# Pigging out on Thanksgiving



## welcometomyworld (Mar 6, 2006)

Went out to Irish Hills on Thanksgiving to the in-law's. No deer but a nice pig!!


----------



## outfishin_ (Jul 28, 2004)

I'll take that over Turkey any day.... Good job!


----------



## icecathound (Feb 16, 2006)

nice one looks like some good eatin there


----------



## welcometomyworld (Mar 6, 2006)

I took it in friday to Jeromes Meats and should have it back in a week. Man talk about a shock when I saw that thing come in.

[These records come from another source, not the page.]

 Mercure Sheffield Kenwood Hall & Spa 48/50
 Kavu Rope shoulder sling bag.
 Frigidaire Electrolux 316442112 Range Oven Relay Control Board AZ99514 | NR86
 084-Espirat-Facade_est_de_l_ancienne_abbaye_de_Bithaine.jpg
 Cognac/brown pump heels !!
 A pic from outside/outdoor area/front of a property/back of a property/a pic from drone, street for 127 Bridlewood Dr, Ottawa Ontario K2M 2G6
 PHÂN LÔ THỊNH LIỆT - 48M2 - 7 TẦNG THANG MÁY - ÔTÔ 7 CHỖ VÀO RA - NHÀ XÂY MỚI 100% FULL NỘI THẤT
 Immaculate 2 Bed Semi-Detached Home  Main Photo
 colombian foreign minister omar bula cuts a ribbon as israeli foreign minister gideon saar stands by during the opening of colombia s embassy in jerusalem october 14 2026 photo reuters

I was sitting in my one man pop up blind on a couple deer run's at about 4:30 when I heard the tell tale crunching leave's sound to my left, I was trying not to move my head so I was just looking forward when I caught sight of something moving through the thick brush with it's head down so I turned and got my gun on my shoulder and out came the pig. I got on him at about 30 yds. broadside and put one in right behind the left shoulder . He went about 15 yds. and crashed. I went back to the house and the whole family was there asking me if that was me shooting, I said yes and they said buck or doe ? I told them I don't know come on out take a look at it. You should have seen the look their face's.


----------



## dlbaldwin01 (Jan 12, 2008)

Nice one less oinker out there now, good job, and great eating.


----------



## Wishn I was fishn (Mar 4, 2001)

Good to see the piggies being shot. Congrats


----------



## Ugottaluvit (Jan 29, 2003)

Good one.....I live in the Irish Hills.....Where abouts did you get that? We've heard of them but none of us have seen them. Glad you did. mmmmm bacon...lol


----------



## welcometomyworld (Mar 6, 2006)

Ugottaluvit said:


> Good one.....I live in the Irish Hills.....Where abouts did you get that? We've heard of them but none of us have seen them. Glad you did. mmmmm bacon...lol


South of U.S. 12 Springville Rd. area. I had to swear to my in-laws not to give the exact local since they have enough trouble with trespasser's as it is. That's the reason I was hunting out there this year was to help keep those idiot's off there land, it's posted every twenty feet but it don't seem to matter to these moron's, they know when we're there and when we're not.


----------



## itchn2fish (Dec 15, 2005)

Nice


----------



## Ugottaluvit (Jan 29, 2003)

Welcome....I heard of one being hit by a car a couple of years ago..right about there. As I said I live about 3 miles from there. I hunt Clinton as opposed to Springville area. But...if I were to see one it'll be BOOM. Let us know how the meat turned out...Thanks.


----------



## welcometomyworld (Mar 6, 2006)

Ugottaluvit said:


> Welcome....I heard of one being hit by a car a couple of years ago..right about there. As I said I live about 3 miles from there. I hunt Clinton as opposed to Springville area. But...if I were to see one it'll be BOOM. Let us know how the meat turned out...Thanks.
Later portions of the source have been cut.